**EXERCISE PROMPT:** After finding the line with "100 Capsule Lollo", restate it and each remaining line of the material word for word, omitting every picture.

*** Opening of SUPPLIED INFORMATION ***

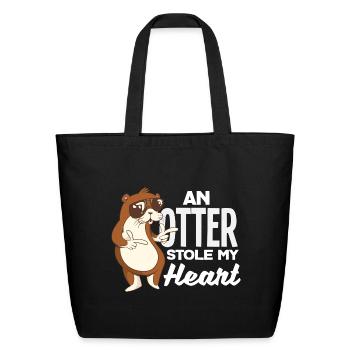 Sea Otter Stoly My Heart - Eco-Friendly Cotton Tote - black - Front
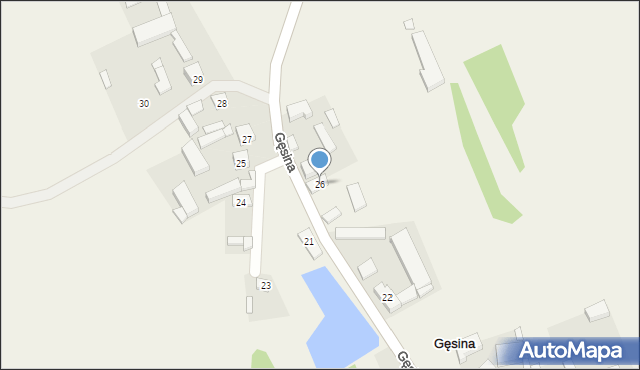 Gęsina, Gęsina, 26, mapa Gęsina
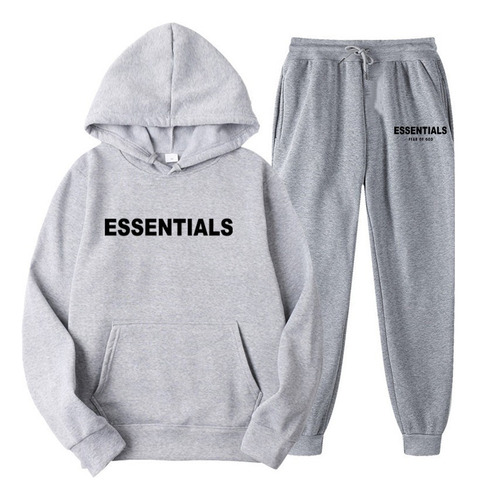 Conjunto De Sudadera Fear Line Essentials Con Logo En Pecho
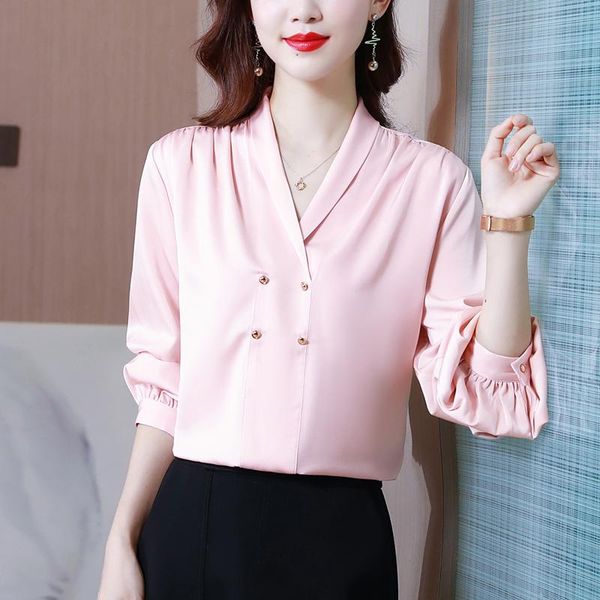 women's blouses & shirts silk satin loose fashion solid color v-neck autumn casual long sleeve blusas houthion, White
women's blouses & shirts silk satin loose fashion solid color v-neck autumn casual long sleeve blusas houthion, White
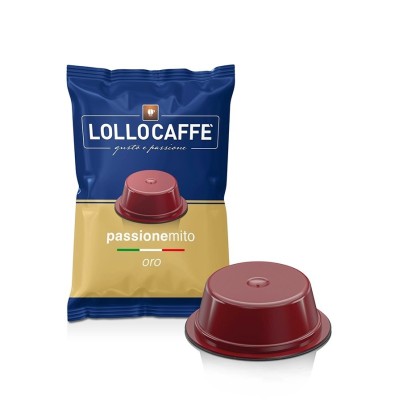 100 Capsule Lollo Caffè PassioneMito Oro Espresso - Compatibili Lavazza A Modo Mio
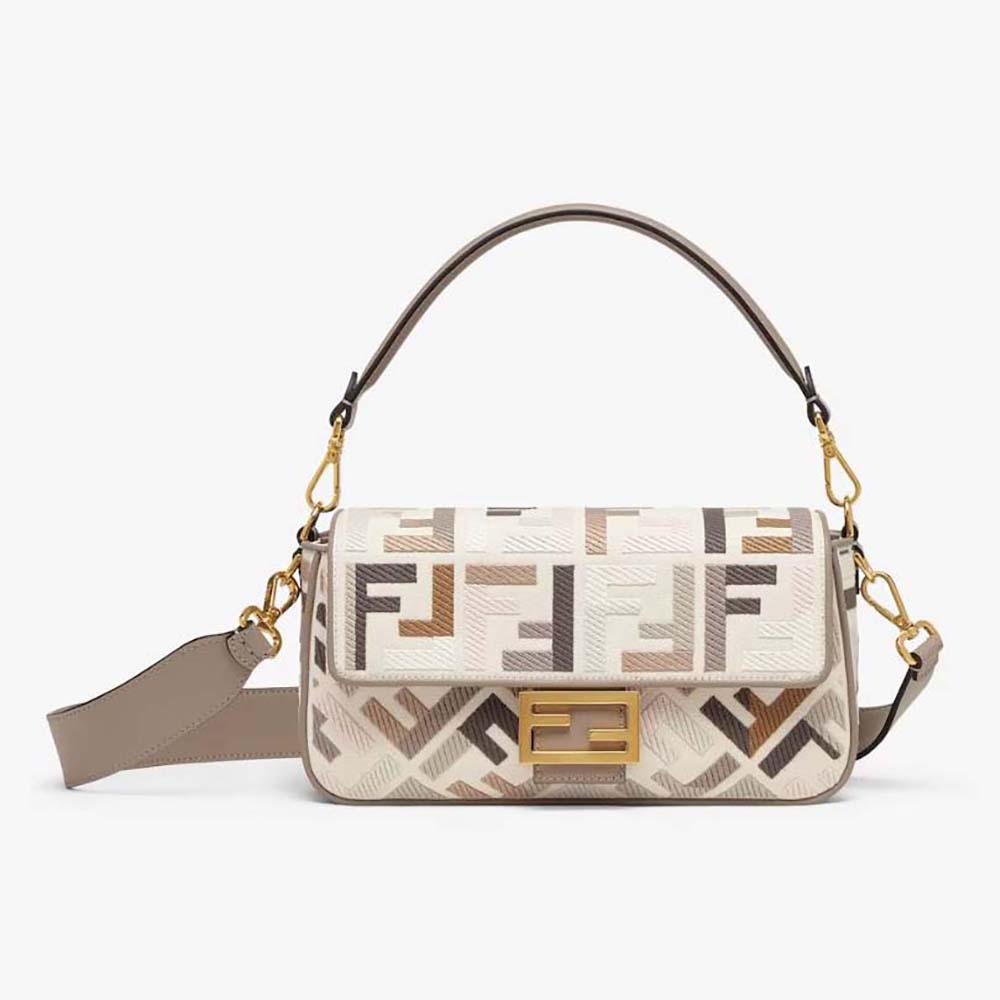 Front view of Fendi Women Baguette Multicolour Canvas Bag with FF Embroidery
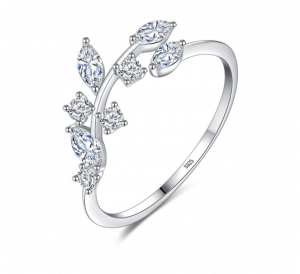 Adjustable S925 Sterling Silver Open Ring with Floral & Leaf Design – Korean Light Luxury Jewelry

*** Close of SUPPLIED INFORMATION ***

**ANSWER FOR THIS EXERCISE:**
 100 Capsule Lollo Caffè PassioneMito Oro Espresso - Compatibili Lavazza A Modo Mio
 Front view of Fendi Women Baguette Multicolour Canvas Bag with FF Embroidery
 Adjustable S925 Sterling Silver Open Ring with Floral & Leaf Design – Korean Light Luxury Jewelry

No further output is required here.